The reason I used 8080 is I talked to IT at work and they said that the firewall is open for that port. Something isn't right as I can SSH from home on the LAN but not from WAN. I may have to talk to him and take a look at the corporate firewall to see if it blocking me getting out. I created an identical rule for 443 (HTTPS) and that works to get to the web interface of the router from the WAN. He said he had 8080 open but maybe he was wrong. He will open port 22 for me for testing but I'd rather not have the router listening on port 22, since that port seems to be getting a lot of attention lately.
webif interface wrote:Firewall:
Here you can forward ports and more. If you wish to manually configure these instead, use '/etc/config/firewall', not '/etc/firewall.user'. Although either works, only the former is used by this page.
Looks like either should work.
Yes my router is at 192.168.1.1 for now
danielb wrote:iptables -t nat -A prerouting_wan -p tcp --dport 8080 -j DNAT --to 192.168.1.1:22
iptables -A forwarding_wan -p tcp --dport 22 -d 192.168.1.1 -j ACCEPT
This appears to be similar but different then what I have.

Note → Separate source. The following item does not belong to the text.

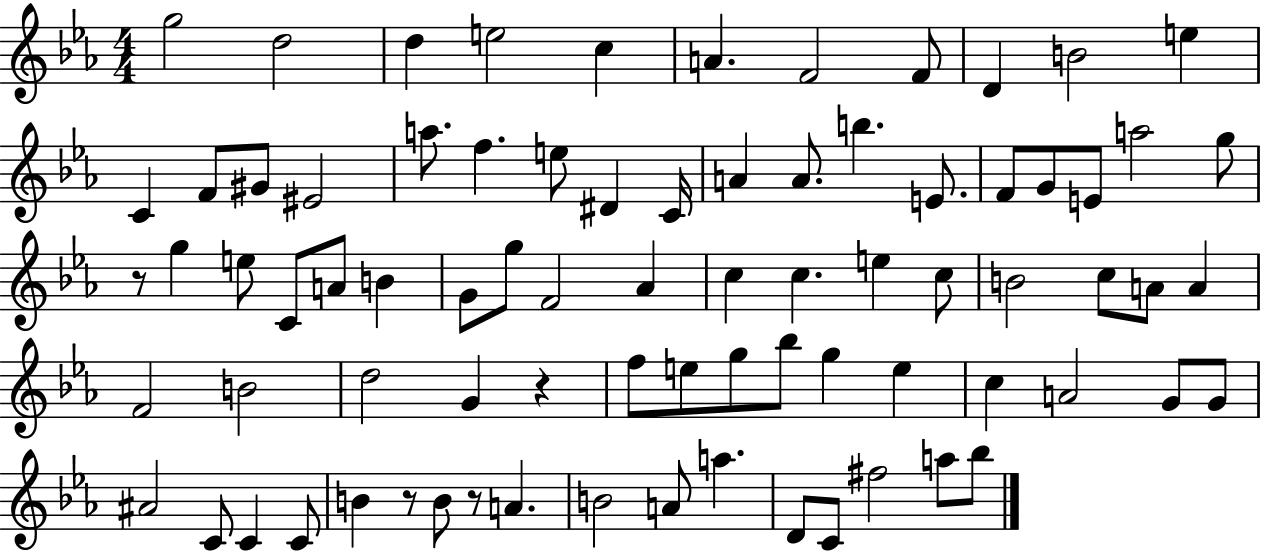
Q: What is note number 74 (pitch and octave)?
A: A5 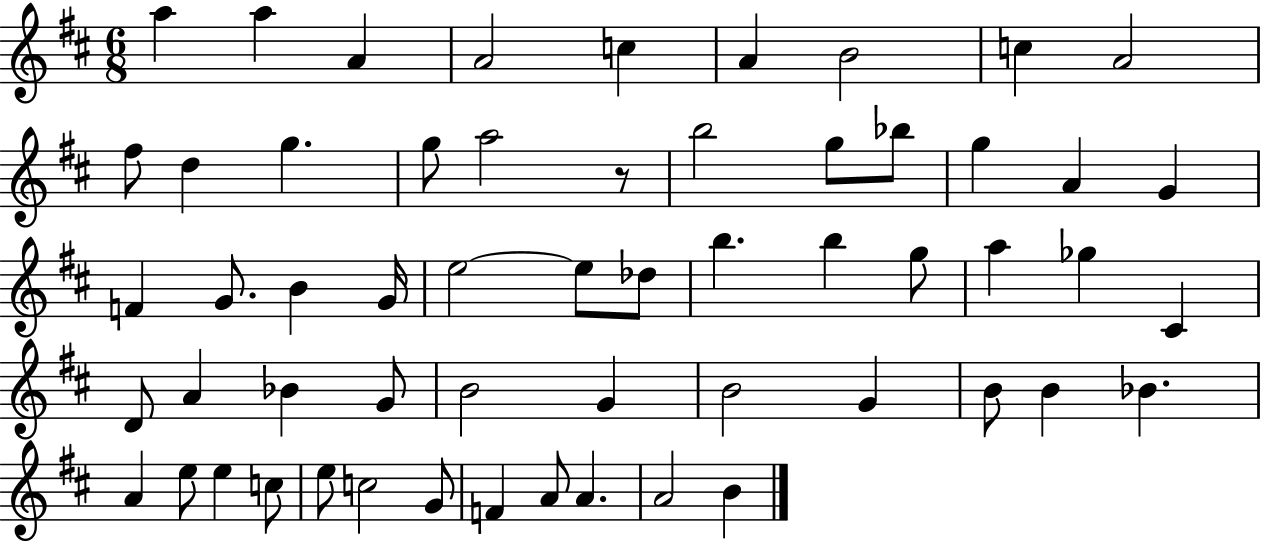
A5/q A5/q A4/q A4/h C5/q A4/q B4/h C5/q A4/h F#5/e D5/q G5/q. G5/e A5/h R/e B5/h G5/e Bb5/e G5/q A4/q G4/q F4/q G4/e. B4/q G4/s E5/h E5/e Db5/e B5/q. B5/q G5/e A5/q Gb5/q C#4/q D4/e A4/q Bb4/q G4/e B4/h G4/q B4/h G4/q B4/e B4/q Bb4/q. A4/q E5/e E5/q C5/e E5/e C5/h G4/e F4/q A4/e A4/q. A4/h B4/q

If I'm reading it correctly those rules
route WAN port 8080 to LAN port 22
Accept port 22 on LAN
What my rules did is
Accept port 8080 on WAN
Forward Port 8080 WAN to LAN port 22
My understanding is, by default, everything is blocked on the WAN side unless you open it up and forward it to the LAN.
@alexsamad
Once, I get this working I'll probably move on to OpenVPN as that's a whole other 'can of worms'. Admin rights isn't a problem, I have that on all machines involved.
I did some reading and still looking into TAP vs. TUN and what exactly needs to be done on the router besides installing OpenVPN (that's already done)
The webif interface is nice, it makes point and click configuration easy. Once I get SSH working though I'll switch back to good old CLI for configuring. Though I still want to get the proxy to work.